What is being asked — Restate every entry word for word.

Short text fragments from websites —
BEGIN

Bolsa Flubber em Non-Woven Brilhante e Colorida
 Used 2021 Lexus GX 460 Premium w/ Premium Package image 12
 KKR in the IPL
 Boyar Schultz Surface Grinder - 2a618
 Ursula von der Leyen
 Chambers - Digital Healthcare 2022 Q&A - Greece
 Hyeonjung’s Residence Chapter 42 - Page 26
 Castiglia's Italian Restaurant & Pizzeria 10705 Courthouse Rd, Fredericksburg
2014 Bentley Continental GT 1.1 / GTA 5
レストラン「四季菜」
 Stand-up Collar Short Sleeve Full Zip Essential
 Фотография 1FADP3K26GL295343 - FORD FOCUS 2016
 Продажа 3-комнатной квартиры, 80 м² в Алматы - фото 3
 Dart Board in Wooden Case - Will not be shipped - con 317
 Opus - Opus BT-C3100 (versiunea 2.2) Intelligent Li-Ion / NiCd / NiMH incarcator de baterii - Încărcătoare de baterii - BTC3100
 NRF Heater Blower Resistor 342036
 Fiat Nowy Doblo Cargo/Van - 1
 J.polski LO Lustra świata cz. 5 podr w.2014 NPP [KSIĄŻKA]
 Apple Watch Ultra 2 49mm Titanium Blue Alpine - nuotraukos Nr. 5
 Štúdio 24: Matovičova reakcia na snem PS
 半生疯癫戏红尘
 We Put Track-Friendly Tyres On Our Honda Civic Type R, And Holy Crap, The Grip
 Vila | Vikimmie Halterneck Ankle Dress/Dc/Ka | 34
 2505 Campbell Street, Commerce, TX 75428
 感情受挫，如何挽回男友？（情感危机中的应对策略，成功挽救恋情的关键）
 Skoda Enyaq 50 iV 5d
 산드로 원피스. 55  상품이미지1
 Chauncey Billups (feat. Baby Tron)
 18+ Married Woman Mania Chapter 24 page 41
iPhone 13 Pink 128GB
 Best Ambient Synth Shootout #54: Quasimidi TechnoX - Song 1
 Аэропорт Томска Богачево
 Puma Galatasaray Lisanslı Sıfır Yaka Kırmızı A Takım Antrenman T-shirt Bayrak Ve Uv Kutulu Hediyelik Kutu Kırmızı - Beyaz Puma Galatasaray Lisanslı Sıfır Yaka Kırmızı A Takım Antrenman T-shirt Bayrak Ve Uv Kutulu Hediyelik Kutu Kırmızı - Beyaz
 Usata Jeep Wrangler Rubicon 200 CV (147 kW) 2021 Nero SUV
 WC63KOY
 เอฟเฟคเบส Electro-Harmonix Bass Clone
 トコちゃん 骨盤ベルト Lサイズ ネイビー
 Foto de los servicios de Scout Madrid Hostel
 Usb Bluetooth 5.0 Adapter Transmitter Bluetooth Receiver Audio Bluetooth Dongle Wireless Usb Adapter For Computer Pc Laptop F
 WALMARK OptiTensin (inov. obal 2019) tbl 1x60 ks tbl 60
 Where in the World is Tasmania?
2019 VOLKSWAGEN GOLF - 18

END

Finished exercise —
Bolsa Flubber em Non-Woven Brilhante e Colorida
 Used 2021 Lexus GX 460 Premium w/ Premium Package image 12
 KKR in the IPL
 Boyar Schultz Surface Grinder - 2a618
 Ursula von der Leyen
 Chambers - Digital Healthcare 2022 Q&A - Greece
 Hyeonjung’s Residence Chapter 42 - Page 26
 Castiglia's Italian Restaurant & Pizzeria 10705 Courthouse Rd, Fredericksburg
2014 Bentley Continental GT 1.1 / GTA 5
レストラン「四季菜」
 Stand-up Collar Short Sleeve Full Zip Essential
 Фотография 1FADP3K26GL295343 - FORD FOCUS 2016
 Продажа 3-комнатной квартиры, 80 м² в Алматы - фото 3
 Dart Board in Wooden Case - Will not be shipped - con 317
 Opus - Opus BT-C3100 (versiunea 2.2) Intelligent Li-Ion / NiCd / NiMH incarcator de baterii - Încărcătoare de baterii - BTC3100
 NRF Heater Blower Resistor 342036
 Fiat Nowy Doblo Cargo/Van - 1
 J.polski LO Lustra świata cz. 5 podr w.2014 NPP [KSIĄŻKA]
 Apple Watch Ultra 2 49mm Titanium Blue Alpine - nuotraukos Nr. 5
 Štúdio 24: Matovičova reakcia na snem PS
 半生疯癫戏红尘
 We Put Track-Friendly Tyres On Our Honda Civic Type R, And Holy Crap, The Grip
 Vila | Vikimmie Halterneck Ankle Dress/Dc/Ka | 34
 2505 Campbell Street, Commerce, TX 75428
 感情受挫，如何挽回男友？（情感危机中的应对策略，成功挽救恋情的关键）
 Skoda Enyaq 50 iV 5d
 산드로 원피스. 55  상품이미지1
 Chauncey Billups (feat. Baby Tron)
 18+ Married Woman Mania Chapter 24 page 41
iPhone 13 Pink 128GB
 Best Ambient Synth Shootout #54: Quasimidi TechnoX - Song 1
 Аэропорт Томска Богачево
 Puma Galatasaray Lisanslı Sıfır Yaka Kırmızı A Takım Antrenman T-shirt Bayrak Ve Uv Kutulu Hediyelik Kutu Kırmızı - Beyaz Puma Galatasaray Lisanslı Sıfır Yaka Kırmızı A Takım Antrenman T-shirt Bayrak Ve Uv Kutulu Hediyelik Kutu Kırmızı - Beyaz
 Usata Jeep Wrangler Rubicon 200 CV (147 kW) 2021 Nero SUV
 WC63KOY
 เอฟเฟคเบส Electro-Harmonix Bass Clone
 トコちゃん 骨盤ベルト Lサイズ ネイビー
 Foto de los servicios de Scout Madrid Hostel
 Usb Bluetooth 5.0 Adapter Transmitter Bluetooth Receiver Audio Bluetooth Dongle Wireless Usb Adapter For Computer Pc Laptop F
 WALMARK OptiTensin (inov. obal 2019) tbl 1x60 ks tbl 60
 Where in the World is Tasmania?
2019 VOLKSWAGEN GOLF - 18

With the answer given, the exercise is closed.